The same access discipline that reduces CUI scope also reduces unmanaged non-human access in adjacent systems, especially when service accounts and integrations bridge multiple cloud environments. Our 2024 Non-Human Identity Security Report found that 35.6% of organisations cite consistent access across hybrid and multi-cloud environments as their top NHI security challenge, which is exactly the sort of control drift that complicates enclave design.
For practitioners, the signal is clear: cloud selection should now be assessed as an identity boundary decision, not only an infrastructure decision. The organisations that can connect access reviews, tenant segmentation, and offboarding to a clearly defined CUI scope will be better placed for both assessment and day-to-day governance.
For practitioners
- Map the CUI boundary before selecting a cloud platform Document which users, services, devices, and integrations actually touch CUI, then exclude everything else from the assessment boundary where possible.
- Separate privileged access for enclave and non-enclave operations Create distinct admin roles, break-glass paths, and support processes so the identities that manage regulated data are not shared with general tenant administration.
- Test whether an enclave can carry the control burden alone Validate that the enclave can handle logging, offboarding, device trust, and documentation without forcing the rest of the organisation into the same scope.
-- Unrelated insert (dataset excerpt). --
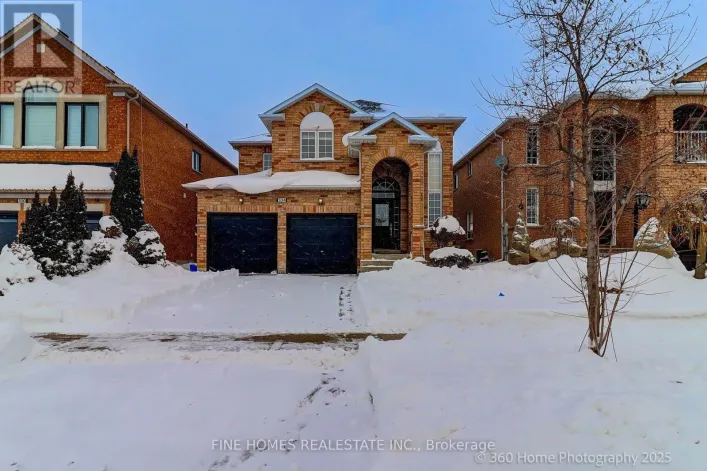 LOWER - 304 DRUMMOND DRIVE, Vaughan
- Reassess export-control requirements before committing to GCC High Confirm whether ITAR or EAR actually applies, because those obligations narrow the viable cloud options and materially change who may administer the environment.
- Build assessment evidence from live identity controls Use access reviews, role mappings, and tenant configuration records as assessment inputs so the SSP reflects how the environment is actually governed.
Key takeaways
- GCC High is only one way to satisfy CMMC-related cloud expectations, not the default answer for every contractor.
- The strongest control question is where CUI lives and who can reach it, because scope drives both evidence burden and risk.
- Enclave design often creates a cleaner identity and compliance boundary than a whole-tenant migration.
Standards & Framework Alignment
This section maps relevant standards and security frameworks to the operational risks and controls described in this guidance.
MITRE ATT&CK address the attack and risk surface, while NIST CSF 2.0, NIST SP 800-53 Rev 5 and CIS Controls v8 set the governance and control requirements practitioners need to meet.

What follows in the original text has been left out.